• _Material for this task_:
*** Begin section ***

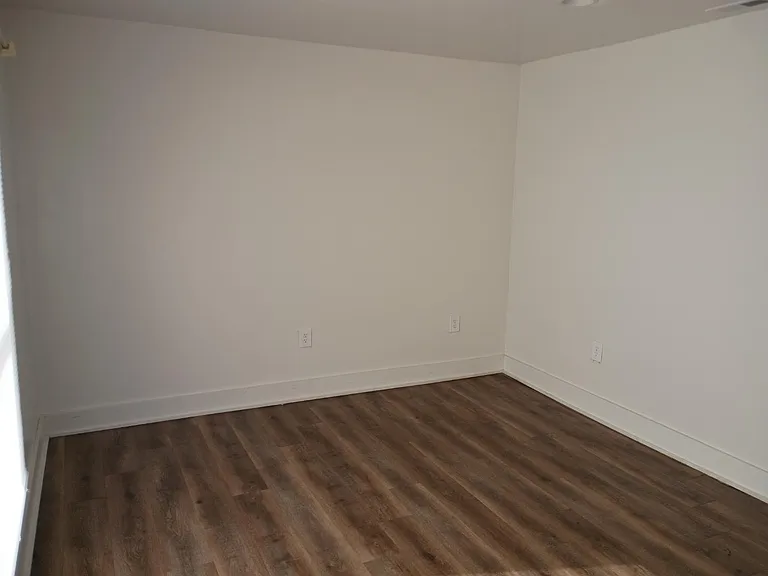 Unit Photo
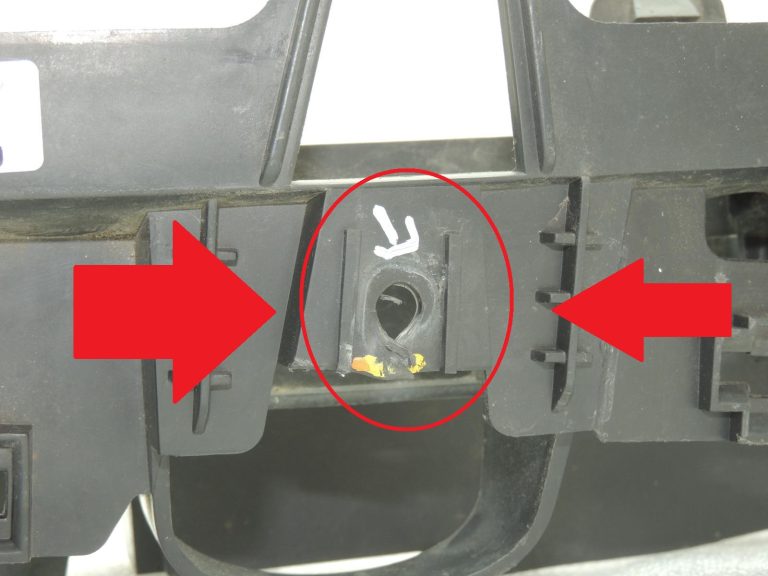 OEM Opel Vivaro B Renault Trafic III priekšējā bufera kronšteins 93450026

*** End section ***
*** Begin section ***

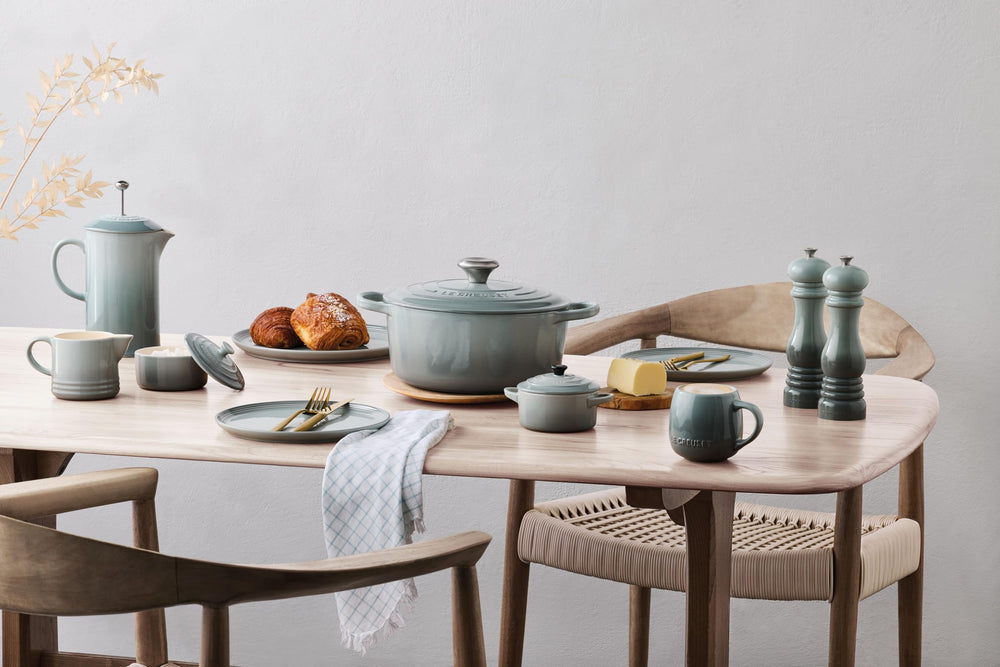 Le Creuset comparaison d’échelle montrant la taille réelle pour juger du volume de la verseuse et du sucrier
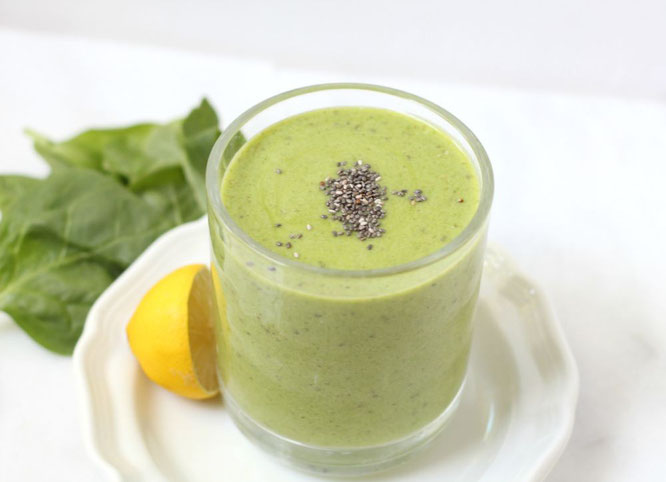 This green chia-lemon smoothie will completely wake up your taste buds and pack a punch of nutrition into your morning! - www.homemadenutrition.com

*** End section ***
*** Begin section ***

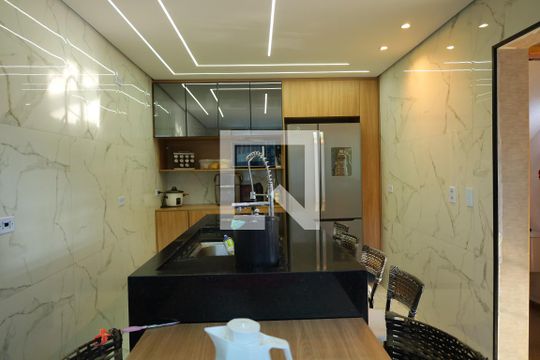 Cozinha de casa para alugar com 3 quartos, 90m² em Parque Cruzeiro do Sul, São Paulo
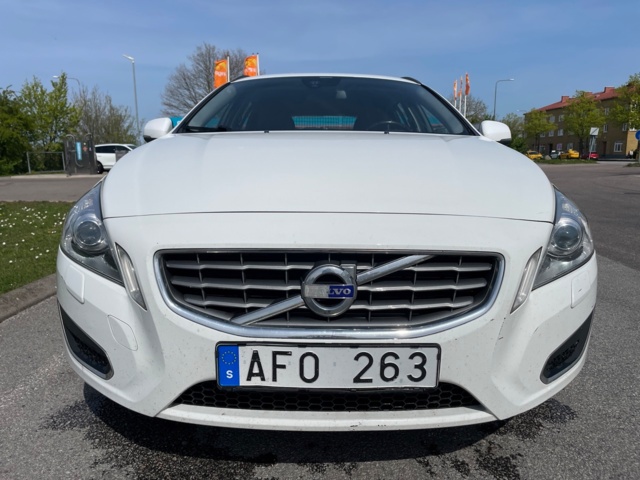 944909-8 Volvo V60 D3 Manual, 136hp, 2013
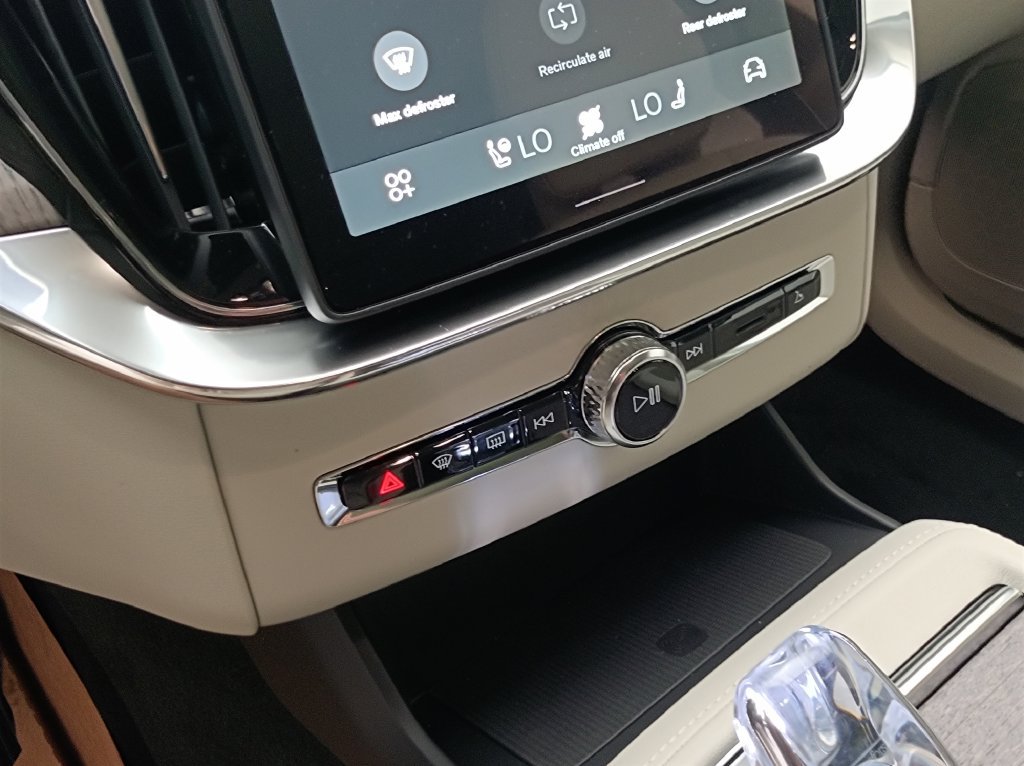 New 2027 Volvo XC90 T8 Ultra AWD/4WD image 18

*** End section ***

Lines wanted from the entries above: the one with "Le Creuset comparaison", the one with "This green chia-lemon", and all lines between. Please copy them exactly, without the pictures and without anything else.

• _Task output_:
 Le Creuset comparaison d’échelle montrant la taille réelle pour juger du volume de la verseuse et du sucrier
 This green chia-lemon smoothie will completely wake up your taste buds and pack a punch of nutrition into your morning! - www.homemadenutrition.com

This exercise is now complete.